Micro-mobility is a solution to the last-mile problem, which is the space in between the station and work, or the transfer in between buses or any distance that is too close to drive, but too far to walk. This typically encompasses all passenger trips of less than 8 kilometres, which accounts for up to 50 to 60 percent of passenger trips in urban spaces, although these distances are often closer to the 3 kilometre range. These car trips, short public transport stretches and first and last-mile gaps can be replaced with bikes, electric scooters, mopeds and other micro-mobility solutions.
Shared micro-mobility has been around, in one shape or another, for the last decade or so. It began with bike sharing, which eventually became dockless and then paved the way for e-bikes and other modes of transport, ranging from moped-sharing services, motorised skateboards and “hoverboards”. But the business that grew exponentially in the shortest amount of time, amassing billions in revenue, belongs to the e-scooter revolution.
Urban challenges require urban solutions
As people increasingly move towards urban environments, traffic congestion has reached unprecedented levels.

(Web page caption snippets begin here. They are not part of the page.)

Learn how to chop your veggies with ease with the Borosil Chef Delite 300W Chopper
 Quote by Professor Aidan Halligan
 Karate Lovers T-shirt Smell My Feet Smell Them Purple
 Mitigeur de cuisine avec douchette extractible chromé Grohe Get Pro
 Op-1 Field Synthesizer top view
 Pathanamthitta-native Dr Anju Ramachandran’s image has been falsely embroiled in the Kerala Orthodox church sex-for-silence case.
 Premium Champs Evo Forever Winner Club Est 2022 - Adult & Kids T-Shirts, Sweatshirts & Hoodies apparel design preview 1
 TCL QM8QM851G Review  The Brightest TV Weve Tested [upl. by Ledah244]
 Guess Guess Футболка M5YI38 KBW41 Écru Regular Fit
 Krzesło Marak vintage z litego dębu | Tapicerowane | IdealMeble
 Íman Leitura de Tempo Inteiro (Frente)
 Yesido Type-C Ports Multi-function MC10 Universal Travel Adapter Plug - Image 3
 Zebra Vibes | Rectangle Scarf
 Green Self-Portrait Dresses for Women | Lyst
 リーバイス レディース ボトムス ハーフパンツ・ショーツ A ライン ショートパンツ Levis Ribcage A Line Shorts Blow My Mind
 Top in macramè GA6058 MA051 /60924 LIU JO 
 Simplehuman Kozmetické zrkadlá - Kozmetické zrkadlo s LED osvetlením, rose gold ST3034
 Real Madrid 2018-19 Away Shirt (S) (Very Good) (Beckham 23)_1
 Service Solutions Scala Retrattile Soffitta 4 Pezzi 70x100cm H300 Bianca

With the average commuter spending roughly 41 hours a year stuck in traffic, people are looking for a better way to get around; and as urban environments become more crowded and polluted, there is a clear trend towards zero-emission travel.
Governments worldwide are pushing for walking and cycling as the ideal option for short urban journeys and e-scooters are now opening up new opportunities. Electric scooters experienced a monumental rise in popularity in 2018, primarily in the US, but also in major cities across Europe, Latin America and Asia.
Compact, practical, agile, electric and city-friendly, the benefits are immediately apparent. E-scooters are offered at low prices and are available on-demand, providing a compelling alternative to traditional means of transport. Additionally, being able to bypass traffic, means that they are often faster than driving.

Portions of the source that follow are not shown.